Sometimes, a film is so formulaic that it becomes terrible. It’s a heavy-handed, predictable mess that plucks on your heartstrings like the world’s least accomplished violinist. I often have to remind myself, in trudging through the slew of video games, TV and movies that encompass my pop culture addiction, that many formulas are adopted, used and re-used into oblivion because they work.
“McFarland, USA” is a formulaic film. Right after Disney begun making waves in changing up their classical formula with movies like “Frozen” and “Maleficent,” they decided to make “McFarland, USA,” a terribly predictable and formulaic sports movie. However, while other films use their formularity to avoid doing any work, drawing in hordes of mindless drones who will shell out $8 to watch what amounts to grayish, mulchy cinematic gruel (I’m looking at you, Kevin James and Michael Bay), “McFarland, USA” follows a formula in telling an inspirational, heartwarming story that almost made me tear up at all of its quaint wholesomeness. Then again, it could have been the girl with the incredibly strong cologne behind me in the theater.
“McFarland, USA” tells the story of Jim White (Kevin Costner), a man who is destined to a life of absolute mediocrity after his parents gave him the least interesting name in the known universe. After he lets his temper get the best of him, he must find work in the town of McFarland, California, a town predominantly made up of Mexican-American “pickers,” who seem destined to a marginalizing life of harvesting produce in the Central Valley. He eventually discovers that the kids under his tutelage are talented runners, and he forms a cross-country running team. A few montages, inoffensive jokes and sports tropes later, everyone lives happily ever after, film done.

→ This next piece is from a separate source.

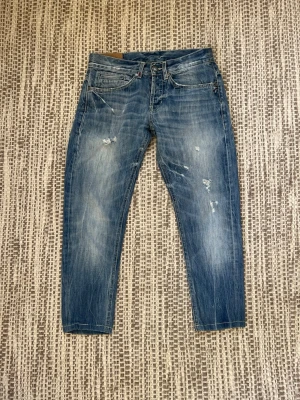 Dondup George Jeans W30 - Säljer dessa fräscha dondup jeans med stiliga slitningar, som är W30 och i längden 82cm, nypris ca 2000kr. Hör gärna av dig vid frågor!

The film’s major failing, of which there aren’t many, is Kevin Costner. While “McFarland, USA” succeeds in telling an inspirational story about the cross-country team, many of whom don’t have aspirations at the beginning of the film, we’re forced to spend a majority of the movie’s extensive run time saddled with a boring protagonist. Every time the film seems to flirt with the idea of showing us the plight and struggles of the teens that should be the subject of the film, as they balance school, work and training in the face of an uncaring society, Costner has to show up, furrowing his brow and speaking entirely in sports cliches. I figure that this is to make the predominantly white, middle class audience that makes up the bulk of the flyover states less uncomfortable, but a focus on the more interesting characters in the film and their arcs would have been much more satisfying, instead of the bland protagonist we’re stuck with. The students in the film learn to believe in themselves, follow their dreams and find self-actualization in a society that regards them as throwaway people. Kevin Costner learns to have less of a temper and enjoy Mexican food. How inspiring.

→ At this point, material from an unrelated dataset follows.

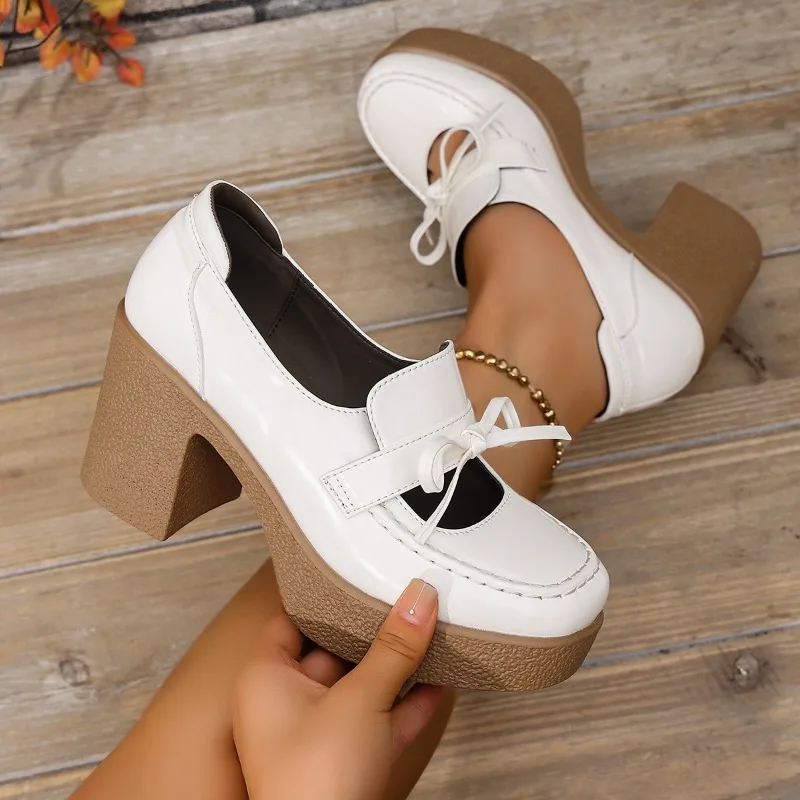 Autumn New Cutout High Heeled Single Shoes Round Toe Bow Slip-on Platform Non-Slip Block Heel Shoes
Autumn New Cutout High Heeled Single Shoes Round Toe Bow Slip-on Platform Non-Slip Block Heel Shoes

With all that said, the film managed to surprise me in many ways. The bulk of the supporting actors are all extremely talented, and the film manages to stay relatively close to the actual story that inspired it, without being too mired in dramatization. It also manages to display the two differing cultures of Jim White and his Mexican-American students without relying too heavily on stereotypes or racialization. The characters actually feel like real people, with their own distinct personalities, which gives color and atmosphere to a film that would have bored me in almost any other case.
The camerawork is superb and functional, some of the jokes made me laugh and it ends with a climax that really stuck with me. Without trying to spoil anything, the reason “McFarland, USA” is a four instead of a two or three is how the filmmakers handled the ending. I was almost sure that the film was going to end with some message along the lines of, “Thank God the white man showed up and taught us to succeed. He’s the best.” However, “McFarland, USA” doesn’t and as a result it’s a fine film.

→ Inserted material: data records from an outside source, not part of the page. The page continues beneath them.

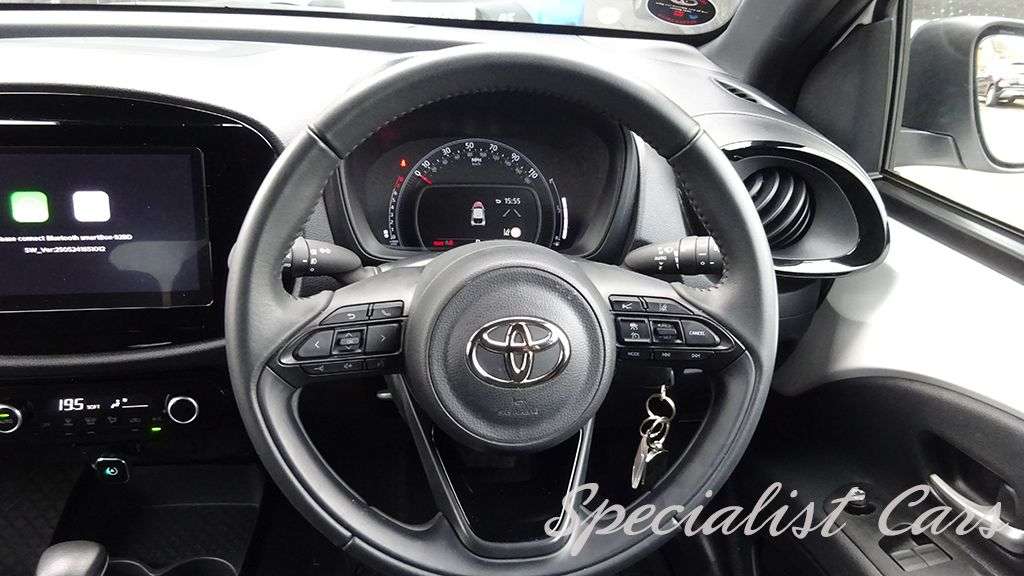 2024 TOYOTA AYGO X 2024 TOYOTA AYGO X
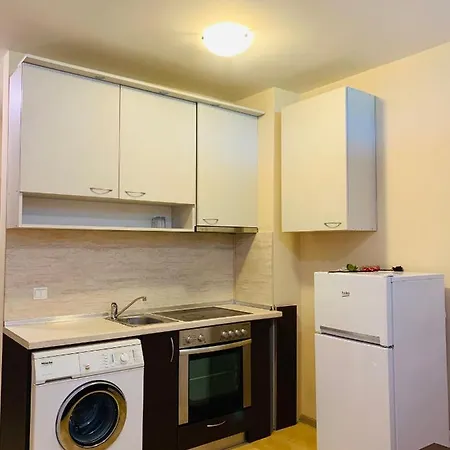 Apartman White Homes студентски град *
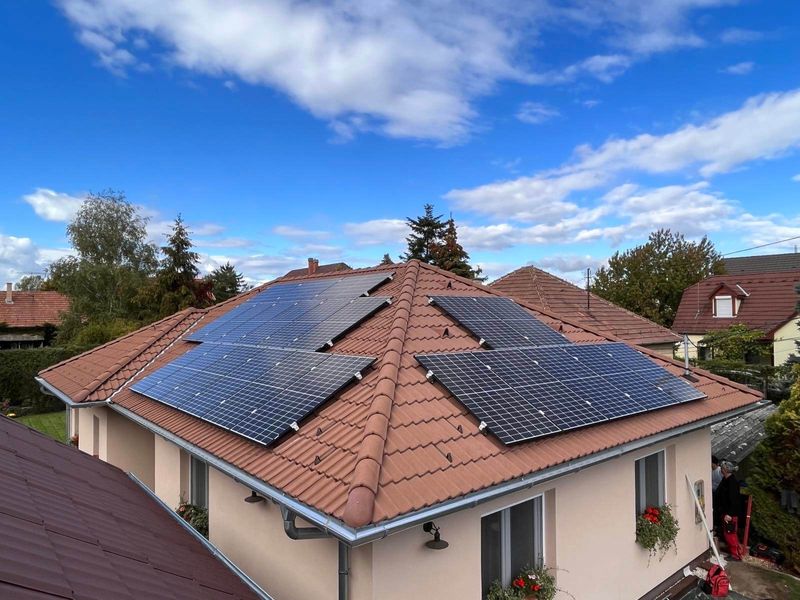 Napelemes ház invertere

For all of its successes, I worry that “McFarland, USA” won’t make enough of an expression to stand the test of time. It’s a film surrounded on all sides by hugely budgeted, bloated beasts of films without artistic merit; monstrosities stitched together by the wretched creator that is the film industry, where artistic merit takes a back seat to generating buzz and maximizing profits. Then again, that could be the cynicism talking, as there was a massive turnout at the screening I saw. I hope the success of “McFarland, USA” continues. It truly deserves it.